KARACHI: Pakistan’s declining export performance, despite years of tariff protection, is threatening its competitiveness and long-term economic prospects, the World Bank has warned in its latest policy assessment.
Exports have shrunk to just over 10% of GDP in 2024, down from more than 15% in the 1990s — one of the lowest shares in the region and among middle-income economies.
In the report titled ‘From Inward to Outward: Pakistan’s Shift Towards Export-led Growth’, the World Bank said the slide reflects worsening constraints on businesses, compounded by recent policy shifts towards higher tariffs.
“Pakistan’s tariff structure — characterised by high average protection rates, cascading import duties, and ad hoc exemptions — has become a barrier to export-led growth,” the report said, noting that tariff rates have risen steadily since reaching their lowest levels in the early 2000s.

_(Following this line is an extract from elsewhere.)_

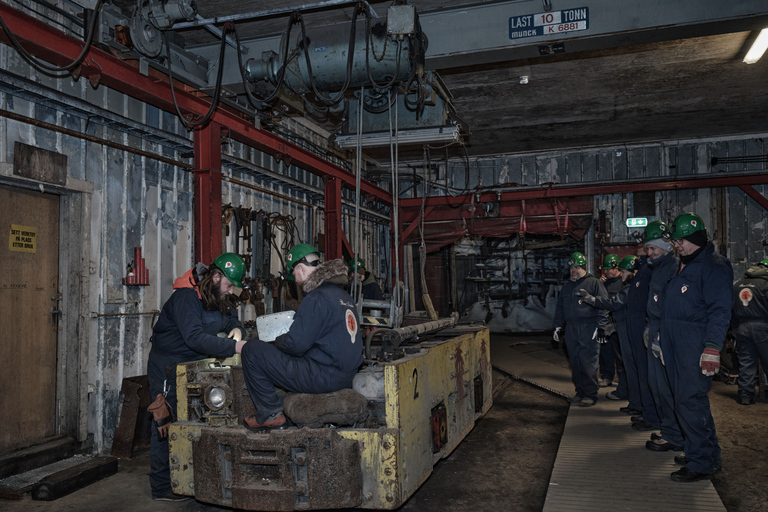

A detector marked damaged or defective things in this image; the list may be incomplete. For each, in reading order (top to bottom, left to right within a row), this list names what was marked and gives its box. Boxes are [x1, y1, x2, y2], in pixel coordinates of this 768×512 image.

rusty metal machine [168, 322, 492, 510]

Pakistan’s goods exports rose 6.25% year-on-year to $26.86 billion in the first 10 months of FY25, according to data released by the Pakistan Bureau of Statistics (PBS) earlier this month.
The World Bank’s assessment highlighted structural weaknesses in Pakistan’s trade policy and recommended transferring tariff-setting authority from the Federal Board of Revenue (FBR) to the National Tariff Board.

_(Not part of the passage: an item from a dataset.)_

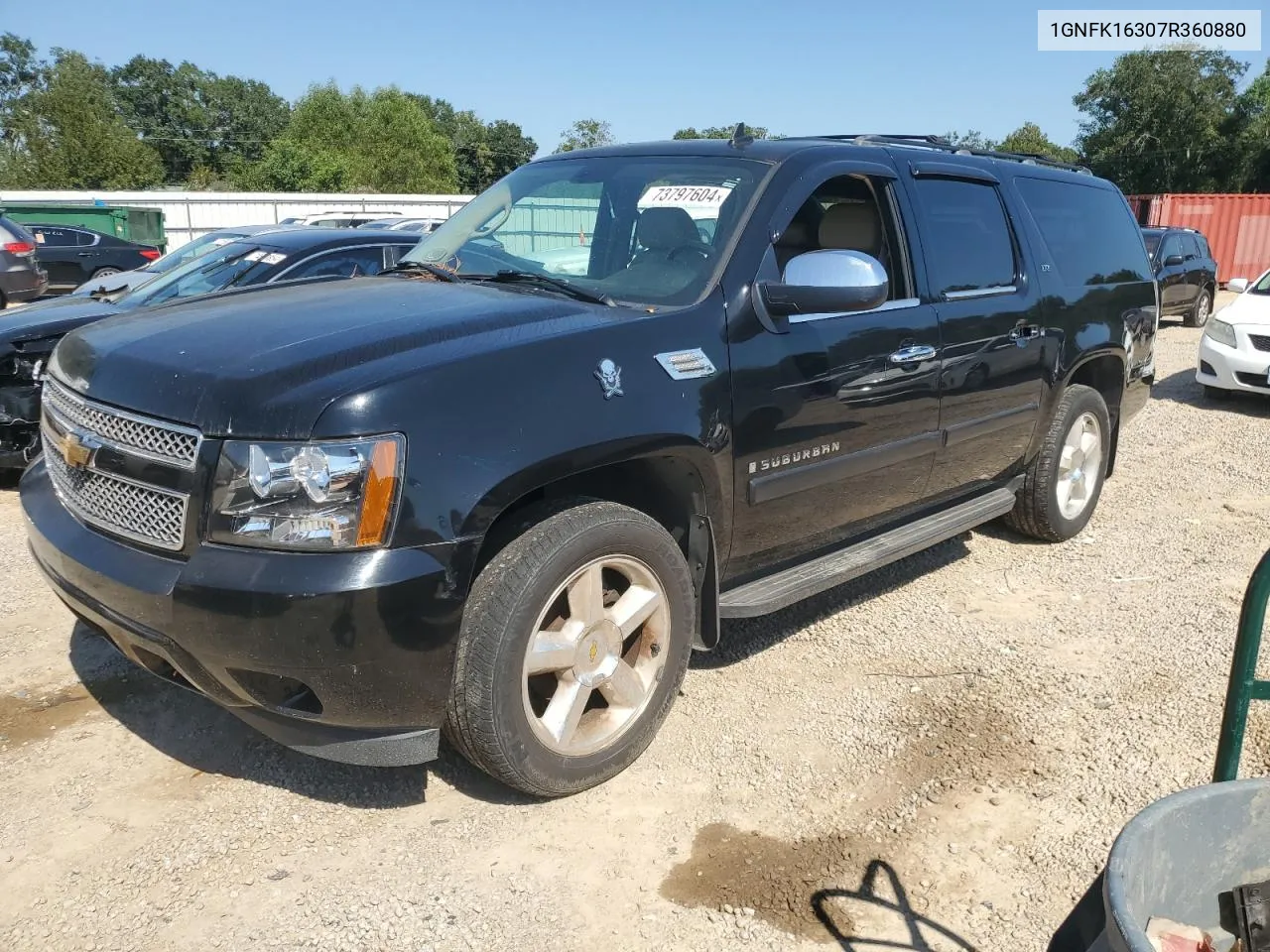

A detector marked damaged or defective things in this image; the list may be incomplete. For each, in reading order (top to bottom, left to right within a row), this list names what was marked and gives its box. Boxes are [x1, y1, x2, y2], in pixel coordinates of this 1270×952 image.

It also proposed establishing a National Regulatory Delivery Office to streamline policy implementation and reduce red tape.
While the World Bank welcomed the launch of Uraan Pakistan — the government’s five-year plan for reforms and economic growth — in December 2024, it cautioned that tariff reforms must be accompanied by broader structural changes to make the economy more competitive.
The report also pointed to a challenging business climate marked by a misaligned exchange rate regime, high energy costs, regulatory complexity and limited access to credit.
It warned that high import duties on raw materials and intermediate goods have further eroded firm productivity, sales and wages.
Pakistan’s exports face another major threat of now on-hold reciprocal tariffs of up to 29% announced by US President Donald Trump.
The Pakistan Institute of Development Economics (PIDE), a think tank affiliated with the Planning Commission, has warned that the reciprocal tariff on Pakistan might cause a decline in exports to the US in the range of 20-25% translating into an annual loss of $1.1 billion to $1.4 billion.
Earlier, A World Bank stu­dy says the General Sales Tax (GST) has the largest marginal contribution to the national poverty increase, while GST payments account for over 7 per cent of households’ pretax expenditure, which leads to further impoverishment among poor and vulnerable households.
The Effects of Taxes and Transfers on Inequality and Poverty in Pakis­tan says the GST has the largest ne­­g­ative impact on the poverty headco­unt; the Benazir Income Support Programme has the largest positive impact on inequality reduction.
Estimations of the marginal contributions of individual fiscal instruments — or the additional impact that individual fiscal instruments have on poverty or inequality when all other fiscal instruments are included — demonstrate that GST has the largest marginal contribution to the national poverty increase.